What you need to do =
The line that holds "Mile King Mud Track Tires" marks the start. Return it and each following line through the end of the data, unchanged.

Top of Records shown

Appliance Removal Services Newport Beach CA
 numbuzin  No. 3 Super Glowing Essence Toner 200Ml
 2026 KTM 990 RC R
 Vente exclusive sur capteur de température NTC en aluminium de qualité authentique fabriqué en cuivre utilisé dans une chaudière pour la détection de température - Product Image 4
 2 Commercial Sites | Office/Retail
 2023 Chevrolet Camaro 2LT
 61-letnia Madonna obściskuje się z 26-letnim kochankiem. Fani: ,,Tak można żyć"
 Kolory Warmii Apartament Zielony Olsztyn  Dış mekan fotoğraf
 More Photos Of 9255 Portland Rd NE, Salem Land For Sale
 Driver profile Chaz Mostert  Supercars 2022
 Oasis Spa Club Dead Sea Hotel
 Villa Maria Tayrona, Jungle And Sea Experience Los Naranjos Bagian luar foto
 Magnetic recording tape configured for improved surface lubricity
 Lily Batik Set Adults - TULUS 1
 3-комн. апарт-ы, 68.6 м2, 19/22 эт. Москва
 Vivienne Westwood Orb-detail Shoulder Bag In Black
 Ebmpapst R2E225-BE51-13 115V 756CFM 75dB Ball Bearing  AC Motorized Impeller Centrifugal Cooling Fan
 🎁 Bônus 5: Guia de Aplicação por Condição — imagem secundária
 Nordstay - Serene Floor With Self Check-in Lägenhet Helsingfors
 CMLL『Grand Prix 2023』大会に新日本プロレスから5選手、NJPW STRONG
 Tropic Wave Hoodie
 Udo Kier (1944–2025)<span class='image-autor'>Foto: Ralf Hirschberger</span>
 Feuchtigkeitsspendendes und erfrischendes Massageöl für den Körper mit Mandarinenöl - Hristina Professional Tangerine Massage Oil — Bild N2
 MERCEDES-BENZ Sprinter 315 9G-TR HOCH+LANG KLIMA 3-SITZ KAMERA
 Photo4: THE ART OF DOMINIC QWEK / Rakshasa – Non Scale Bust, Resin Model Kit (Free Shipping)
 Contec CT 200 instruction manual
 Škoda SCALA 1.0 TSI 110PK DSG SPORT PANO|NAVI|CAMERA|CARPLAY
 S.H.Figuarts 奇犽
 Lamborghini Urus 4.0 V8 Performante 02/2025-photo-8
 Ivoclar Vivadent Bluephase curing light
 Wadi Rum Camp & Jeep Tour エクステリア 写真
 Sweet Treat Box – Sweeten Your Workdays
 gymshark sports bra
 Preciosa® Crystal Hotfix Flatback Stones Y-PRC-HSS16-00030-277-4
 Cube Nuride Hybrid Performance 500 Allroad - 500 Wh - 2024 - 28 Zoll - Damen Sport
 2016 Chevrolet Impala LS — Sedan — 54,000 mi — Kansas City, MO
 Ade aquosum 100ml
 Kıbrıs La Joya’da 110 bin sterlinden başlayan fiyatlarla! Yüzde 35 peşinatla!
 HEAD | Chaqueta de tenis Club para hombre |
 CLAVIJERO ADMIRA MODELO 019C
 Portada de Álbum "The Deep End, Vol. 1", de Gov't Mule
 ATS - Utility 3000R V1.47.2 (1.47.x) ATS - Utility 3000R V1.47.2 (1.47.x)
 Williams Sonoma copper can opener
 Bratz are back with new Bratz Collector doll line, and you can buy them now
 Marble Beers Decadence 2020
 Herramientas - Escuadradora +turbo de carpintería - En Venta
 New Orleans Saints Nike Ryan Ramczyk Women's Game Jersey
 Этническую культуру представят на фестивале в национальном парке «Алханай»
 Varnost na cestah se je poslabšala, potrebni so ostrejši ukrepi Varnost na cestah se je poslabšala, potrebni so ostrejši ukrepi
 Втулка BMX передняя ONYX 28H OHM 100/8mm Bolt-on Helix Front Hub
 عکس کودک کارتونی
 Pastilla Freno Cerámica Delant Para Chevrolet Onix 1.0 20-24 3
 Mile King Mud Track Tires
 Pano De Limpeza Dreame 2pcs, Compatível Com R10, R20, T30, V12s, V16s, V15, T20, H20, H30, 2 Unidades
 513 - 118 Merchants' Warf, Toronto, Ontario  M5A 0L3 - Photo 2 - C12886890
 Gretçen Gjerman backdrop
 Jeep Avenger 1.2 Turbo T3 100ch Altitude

Bottom of Records shown

Exercise response =
 Mile King Mud Track Tires
 Pano De Limpeza Dreame 2pcs, Compatível Com R10, R20, T30, V12s, V16s, V15, T20, H20, H30, 2 Unidades
 513 - 118 Merchants' Warf, Toronto, Ontario  M5A 0L3 - Photo 2 - C12886890
 Gretçen Gjerman backdrop
 Jeep Avenger 1.2 Turbo T3 100ch Altitude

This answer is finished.